▶ _TASK DESCRIPTION_: Within the material below, transcribe exactly the lines from the one holding "Sukemasa Bench chisels" through the one holding "Bursa'dan tarihin kalbine", keeping both ends and skipping the rest.

*** SUPPLIED DATA ***

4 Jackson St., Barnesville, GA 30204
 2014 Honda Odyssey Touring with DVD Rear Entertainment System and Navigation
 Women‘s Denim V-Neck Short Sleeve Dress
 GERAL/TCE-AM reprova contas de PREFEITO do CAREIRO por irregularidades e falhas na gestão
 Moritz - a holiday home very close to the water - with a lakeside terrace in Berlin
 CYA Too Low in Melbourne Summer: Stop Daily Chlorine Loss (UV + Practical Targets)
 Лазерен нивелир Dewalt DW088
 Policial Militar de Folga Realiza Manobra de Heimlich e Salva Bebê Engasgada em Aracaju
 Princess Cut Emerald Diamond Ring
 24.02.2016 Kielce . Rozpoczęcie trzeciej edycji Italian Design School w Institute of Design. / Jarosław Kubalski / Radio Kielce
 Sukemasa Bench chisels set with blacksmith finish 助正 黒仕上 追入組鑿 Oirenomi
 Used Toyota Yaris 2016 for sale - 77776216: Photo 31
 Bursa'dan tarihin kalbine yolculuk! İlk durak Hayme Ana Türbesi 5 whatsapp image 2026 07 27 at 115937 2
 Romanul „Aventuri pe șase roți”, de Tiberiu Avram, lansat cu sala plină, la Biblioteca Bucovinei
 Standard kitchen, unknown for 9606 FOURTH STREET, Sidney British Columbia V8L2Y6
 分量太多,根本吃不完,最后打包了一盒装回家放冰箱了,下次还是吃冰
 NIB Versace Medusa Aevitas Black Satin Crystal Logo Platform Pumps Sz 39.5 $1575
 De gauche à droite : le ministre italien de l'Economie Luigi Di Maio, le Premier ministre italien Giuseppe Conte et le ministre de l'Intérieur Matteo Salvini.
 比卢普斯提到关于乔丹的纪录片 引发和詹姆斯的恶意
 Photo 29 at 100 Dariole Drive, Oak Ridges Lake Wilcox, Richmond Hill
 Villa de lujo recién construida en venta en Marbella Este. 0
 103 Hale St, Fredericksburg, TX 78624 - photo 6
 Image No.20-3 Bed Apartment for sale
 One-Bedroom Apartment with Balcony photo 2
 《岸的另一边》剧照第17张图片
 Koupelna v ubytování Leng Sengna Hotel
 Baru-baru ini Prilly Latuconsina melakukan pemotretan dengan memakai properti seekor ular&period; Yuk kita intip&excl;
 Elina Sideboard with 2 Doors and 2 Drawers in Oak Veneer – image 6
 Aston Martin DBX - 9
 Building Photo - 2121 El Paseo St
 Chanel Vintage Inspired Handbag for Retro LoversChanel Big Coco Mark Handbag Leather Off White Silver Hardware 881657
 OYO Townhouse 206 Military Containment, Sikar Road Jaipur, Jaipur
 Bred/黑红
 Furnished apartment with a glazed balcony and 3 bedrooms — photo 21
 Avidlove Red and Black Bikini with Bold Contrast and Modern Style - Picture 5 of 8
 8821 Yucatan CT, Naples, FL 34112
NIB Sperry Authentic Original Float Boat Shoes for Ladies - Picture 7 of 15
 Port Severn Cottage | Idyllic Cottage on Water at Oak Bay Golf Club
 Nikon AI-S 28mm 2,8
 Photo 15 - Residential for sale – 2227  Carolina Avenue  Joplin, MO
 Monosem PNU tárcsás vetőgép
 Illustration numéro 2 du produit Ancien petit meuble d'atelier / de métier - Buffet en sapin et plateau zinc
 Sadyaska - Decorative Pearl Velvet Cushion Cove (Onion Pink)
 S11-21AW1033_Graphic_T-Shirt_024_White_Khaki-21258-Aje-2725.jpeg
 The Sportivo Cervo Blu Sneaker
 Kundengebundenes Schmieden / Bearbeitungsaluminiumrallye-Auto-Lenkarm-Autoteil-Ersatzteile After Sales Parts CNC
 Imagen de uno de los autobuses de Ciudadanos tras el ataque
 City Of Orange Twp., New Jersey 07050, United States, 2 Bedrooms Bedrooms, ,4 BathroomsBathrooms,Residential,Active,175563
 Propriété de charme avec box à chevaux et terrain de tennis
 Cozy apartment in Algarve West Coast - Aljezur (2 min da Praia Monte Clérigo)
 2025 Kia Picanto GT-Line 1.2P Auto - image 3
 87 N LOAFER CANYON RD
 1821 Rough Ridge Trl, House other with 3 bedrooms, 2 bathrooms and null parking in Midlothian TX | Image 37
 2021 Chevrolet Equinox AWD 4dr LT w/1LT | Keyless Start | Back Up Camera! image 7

*** End of SUPPLIED DATA ***

▶ _EXERCISE SOLUTION_:
 Sukemasa Bench chisels set with blacksmith finish 助正 黒仕上 追入組鑿 Oirenomi
 Used Toyota Yaris 2016 for sale - 77776216: Photo 31
 Bursa'dan tarihin kalbine yolculuk! İlk durak Hayme Ana Türbesi 5 whatsapp image 2026 07 27 at 115937 2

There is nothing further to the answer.